The rumors are true – the hardest part really is not falling down hills when you take your foot off the brake from a dead stop.

By lesson #3, you’ve come to realize that “hill” has a more expansive definition than you knew before. Start from even the most gentle downslope, and you can use gravity to your advantage, letting the clutch out as the car acquires modest but natural momentum and practically starts on its own. But from the slightest upslope, it’s an awkward dance of brake-foot-to-gas on the right, clutch-out-at-a-controlled-rate on the left. To err one way risks falling backwards, to err the other risks peeling out, and to split the difference inartfully is to stall out. Suddenly streets whose topography you’ve driven without observing for decades are the greens at Augusta, subject to similar slope-based risk analysis.

It’s sort of an outdated and constantly busy mode of driving, but that’s the point of learning it, you suppose; to be an empowered user of a technology is to understand its underlying principles, which you usually try to do. But here you are realizing that you’ve spent almost nineteen years now letting the machine do this somewhat difficult work while you play with the radio, and it’s humbling and even a bit embarrassing to be a grown man feeling like an unsure teenager again. You venture out from your school parking lot practice course toward the Virginia-Highland gas station, only to be defeated by a stoplight with a slight uphill gradient and a panic-inducing crowd of horn-honkers behind you.

The Instructor has an upbeat attitude, though, which is good, because it’s her car you’re going to tear up if this lesson goes sideways. Back in the day, she passed the downtime in high school teaching her classmates this form of driving, so she’s convinced that despite your obvious struggles, you grade out pretty high on her curve.

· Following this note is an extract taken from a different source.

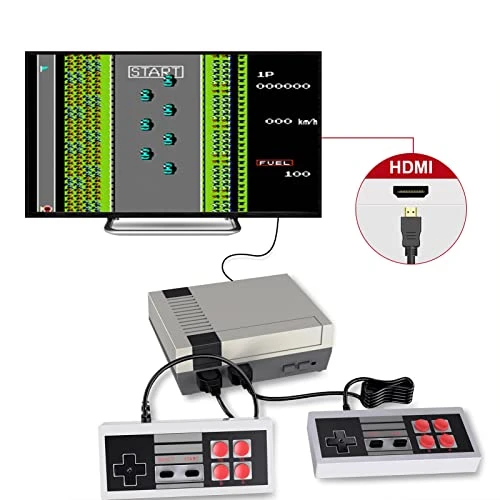 MEEPHONG Retro Classic Game Console, Mini Classic HD Video Game System Built-in 621 8-Bit Classic Retro Game Console With Two Controllers Ideal As A Gift For Kids/Adults 4 MEEPHONG Retro Classic Game Console, Mini Classic HD Video Game System Built-in 621 8-Bit Classic Retro Game Console With Two Controllers Ideal As A Gift For Kids/Adults - Image 2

Nonetheless, that’s a curve pitting you, modern grown man, against her memories of a bunch of turn-of-the-millennium teenagers. Small comfort. It occurs to you that you have no real business writing about or criticizing the performance of any major league baseball player, given that just fouling off a 95 mph fastball is a miracle of human timing and here you are, struggling to use three foot pedals to competently move a Honda Civic forward. By those lights, maybe you should spend your summer sitting down to watch the likes of Chase d’Arnaud, Gordon Beckham, and Tyler Flowers. They are nobodies within their context, and yet they are miraculous talents when viewed from a broader perspective.

But it’s not them you’re put off by. It’s the suits who brought them to you while insisting out loud you’d not see the difference, as to huck a couple extra tickets to those who might believe it. It’s the brass who laid on the table every non-sports-fan’s critique of how a pro team’s affection for its fans and its host city runs as deep as a stripper’s, and bet you’d still come back anyway. Deep down you always knew the critique was true, but all you needed was a little kayfabe, you know?

There are a lot of interesting things to do on a warm summer night. Back in the parking lot, you start and you stop, and start and stop some more, because that’s the part in need of most immediate practice. To retain momentum is relatively simple; to obtain it from nothing, that’s the hard part, especially if your metaphorical ball is about to roll down the false front of the 14th hole once you take your foot off the brake.

You shake off the memory of the earlier disaster on the way to the gas station and attempt the drive home, this time on less crowded streets. It’s a downhill start heading out of the school grounds, and you’re off, shifting conservatively, first to second to first to stop. The stop is at the crest of a hill because of course it is, but fortunately there’s no one behind you. You steel yourself against the inevitable roll backwards, roll a bit, catch it with the clutch, give it some gas – how much gas? Whoa. The Instructor’s car sounds like it’s running from the police now, but it’s going forward! And she’s laughing, saying good job, and you make it back to her place and park the car, feeling like a dork, but a dork who learned something and made progress tonight.

The Braves beat the Giants in extra innings tonight, 5 to 4. From what y’all say, it was pretty well-managed and Freddie Freeman hit a walk-off homer in the bottom of the 11th. The Instructor’s car has a broken radio, though.